WILLIAM T. THURMAN, Chief Judge.
Over the course of hearings on March 9, March 28, April 1, and April 25, 2011, the Court has heard the Defendant's Motions for Summary Judgment on Counts I-V of the Second Amended Complaint ("Complaint") and the Plaintiffs' Motions for Summary Judgment or Partial Summary Judgment on Counts I-III. The Court has provided oral bench rulings on each of those motions in open court and submits now this Memorandum Decision ("Memorandum") to provide additional clarification and consistency to the issues addressed. This Memorandum, although the Court believes is entirely consistent with its prior bench rulings, shall supersede any contradicting bench rulings made on the Court's record and shall constitute the Court's findings and conclusions.
The Court has jurisdiction over the subject matter pursuant to 28 U.S.C. §§ 157 and 1334. This is a core proceeding within the meaning of 28 U.S.C. § 157(b)(2)(L). Venue is appropriate under 28 U.S.C. § 1408. Notice of the hearing on these motions is found to be appropriate and adequate in all respects.
Because all of the motions seek summary judgment, the only facts the Court can consider are those not in genuine dispute. Although if disputed facts exist and the Court considers those in the light most favorable to the non-movant, the Court can still determine if the movant is entitled to the relief sought in its motion. The relevant facts provided to the Court are as follows.
1. The Debtors filed for chapter 11
2. An examiner, Ray Strong, was appointed in February 2003. The Examiner was granted expanded powers.

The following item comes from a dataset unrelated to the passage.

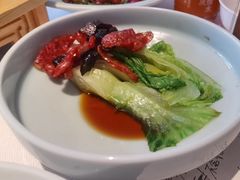 -顺峰(农展馆店)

3. The Debtors were in the business of owning and operating gas stations and convenience stores. The business entities in bankruptcy are Tri-Valley, Cook Oil and Snobird Oil. Seven C Enterprises, Inc. ("Seven C") is a separate entity formerly owned by principals of the Debtors, but has not filed for bankruptcy protection.
4. Seven C held title to most of the real property of the gas stations and convenience stores, including a gas station and convenience store in Rock Springs, Wyoming, ("Rock Springs Property"), and Tri-Valley paid rent or lease payments to Seven C.
5. Seven C purchased the Rock Springs Property from Christmann Oil Co. ("Christmann") in October 1993. The deed transferring title to the property from Christmann to Seven C was recorded on October 25, 1993 ("Christmann Deed").
6. The purchase was seller-financed and Christmann took back a mortgage to secure the balance due from Seven C. The
7. In October 1994, Seven C entered into a 132-month lease of the Rock Springs Property with Tri-Valley. The lease was signed by Paul Cook on behalf of Seven C, as president, and by Noel Cook on behalf of Tri-Valley, as a 51% owner.
8. Prior to the petition date, Tri-Valley attempted to obtain a loan from Star-Mac, an affiliate of Texaco. Collateral for the proposed Star-Mac loan included the Rock Springs Property and other properties which were then titled in Seven C.
9. As a condition for making the loan, Star-Mac insisted that all property being pledged to secure the loan, including the Rock Springs Property, be titled in Tri-Valley.
10. On August 23, 2001, in anticipation of the closing, Paul Cook, as president of Seven C, signed a deed transferring title to the Rock Springs Property from Seven C to Tri-Valley.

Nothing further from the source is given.